Spontaneous Symmetry Breaking in Finite Quantum Systems: a decoherent-histories approach (2018)

In submission.

Spontaneous symmetry breaking (SSB) in quantum systems, such as ferromagnets, is normally described as (or as arising from) degeneracy of the ground state; however, it is well established that this degeneracy only occurs in spatially infinite systems, and even better established that ferromagnets are not spatially infinite. I review this well-known paradox, and consider a popular solution where the symmetry is explicitly broken by some external field which goes to zero in the infinite-volume limit; although this is formally satisfactory, I argue that it must be rejected as a physical explanation of SSB since it fails to reproduce some important features of the phenomenology. Motivated by considerations from the analogous classical system, I argue that SSB in finite systems should be understood in terms of the approximate decoupling of the system's state space into dynamically-isolated sectors, related by a symmetry transformation; I use the formalism of decoherent histories to make this more precise and to quantify the effect, showing that it is more than sufficient to explain SSB in realistic systems and that it goes over in a smooth and natural way to the infinite limit.

The Quantum Theory of Fields (2018)

To appear in E. Knox and A. Wilson (ed.), 'The Routledge Companion to Philosophy of Physics' (Routledge, forthcoming).

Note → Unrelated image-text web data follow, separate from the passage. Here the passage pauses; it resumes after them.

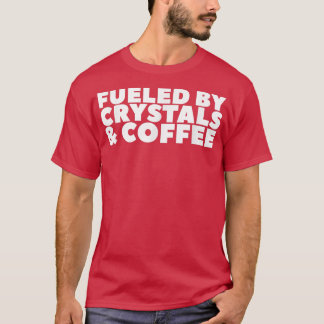Fueled By Crystals & Coffee 80 T-Shirt
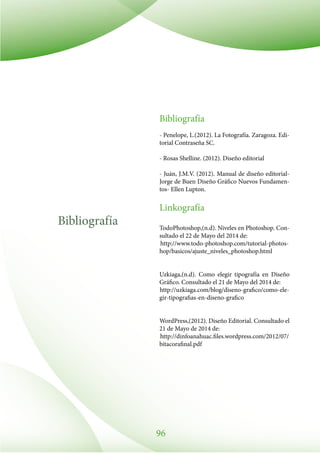 96
Bibliografía
Bibliografía
- Penelope, L.(2012). La Fotografía. Zaragoza. Edi-
torial Contraseña SC.
- Rosas Shelline. (2012). Diseño editorial
- Juán, J.M.V. (2012). Manual de diseño editorial-
Jorge de Buen Diseño Gráfico Nuevos Fundamen-
tos- Ellen Lupton.
Linkografía
TodoPhotoshop,(n.d). Niveles en Photoshop. Con-
sultado el 22 de Mayo del 2014 de:
http://www.todo-photoshop.com/tutorial-photos-
hop/basicos/ajuste_niveles_photoshop.html
Uzkiaga,(n.d). Como elegir tipografía en Diseño
Gráfico. Consultado el 21 de Mayo del 2014 de:
http://uzkiaga.com/blog/diseno-grafico/como-ele-
gir-tipografias-en-diseno-grafico
WordPress,(2012). Diseño Editorial. Consultado el
21 de Mayo de 2014 de:
http://dinfoanahuac.files.wordpress.com/2012/07/
bitacorafinal.pdf
 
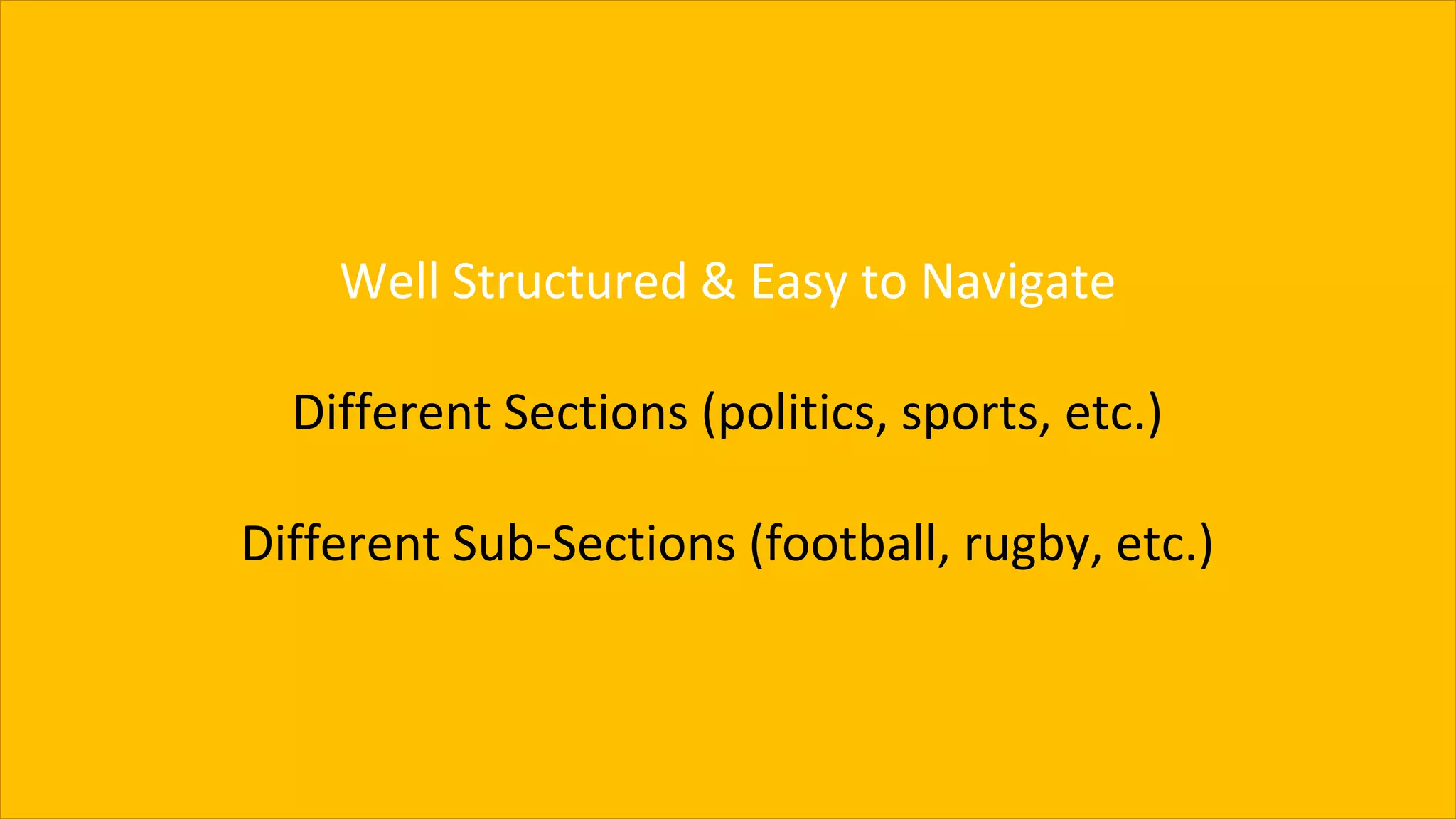 Well Structured & Easy to Navigate
Different Sections (politics, sports, etc.)
Different Sub-Sections (football, rugby, etc.)
 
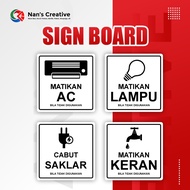 SIGN BOARD/Acrylic sign board Acrylic warning board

This is an introduction to quantum field theory and its conceptual and philosophical problems, aimed at non-specialists (but assuming some prior exposure to quantum mechanics).

Review of "Interpreting Quantum Theories", by Laura Ruetsche (2014)

British Journal for the Philosophy of Science 64 (2014), 425-428

Taking Particle Physics Seriously: A critique of the algebraic approach to quantum field theory (2011)

Studies in the History and Philosophy of Modern Physics 42 (2011) pp.116-125

I argue against the currently-prevalent view in philosophy of physics that algebraic quantum field theory (AQFT) is the correct framework for philosophy of quantum field theory and that "conventional" quantum field theory (CQFT), of the sort used in mainstream particle physics, is not suitable for foundational study. In doing so, I defend the position that AQFT and CQFT, understood in an appropriate sense, ought to be understood as rival programs to resolve the mathematical and physical pathologies of renormalization theory, and that CQFT has succeeded in this task and AQFT has failed. I also defend CQFT from recent criticisms made by Doreen Fraser.

QFT, Antimatter, and Symmetry (2009)

Studies in the History and Philosophy of Modern Physics 40 (2009) pp. 209-222.

A systematic analysis is made of the relations between the symmetries of a classical field and the symmetries of the one-particle quantum system that results from quantizing that field in regimes where interactions are weak. The results are applied to gain a greater insight into the phenomenon of antimatter.

In defence of naivete: the conceptual status of Lagrangian QFT (2001)

Synthese 151 (2006) pp. 33-80.

I analyse the conceptual and mathematical foundations of Lagrangian quantum field theory (that is, the "naive" quantum field theory used in mainstream physics, as opposed to algebraic quantum field theory). The objective is to see whether Lagrangian quantum field theory has a sufficiently firm conceptual and mathematical basis to be a legitimate object of foundational study, or whether it is too ill-defined. The analysis covers renormalisation and infinities, inequivalent representations, and the concept of localised states; the conclusion is that Lagrangian QFT (at least as described here) is a perfectly respectable physical theory, albeit somewhat different in certain respects from most of those studied in foundational work.

Emergence of particles from bosonic quantum field theory (2001)

Unpublished (cite as

An examination is made of the way in which particles emerge from linear, bosonic, massive quantum field theories. Two different constructions of the one-particle subspace of such theories are given, both illustrating the importance of the interplay between the quantum-mechanical linear structure and the classical one. Some comments are made on the Newton-Wigner representation of one-particle states, and on the relationship between the approach of this paper and those of Segal, and of Haag and Ruelle.

(Note: this was actually accepted by Studies in the History and Philosophy of Modern Physics, pending minor revisions, back in 2003 or so. For various reasons I never got around to making the revisions; by now, I'd probably need to rewrite it quite a lot, since my views have shifted a bit, more in terms of presentation than actual content).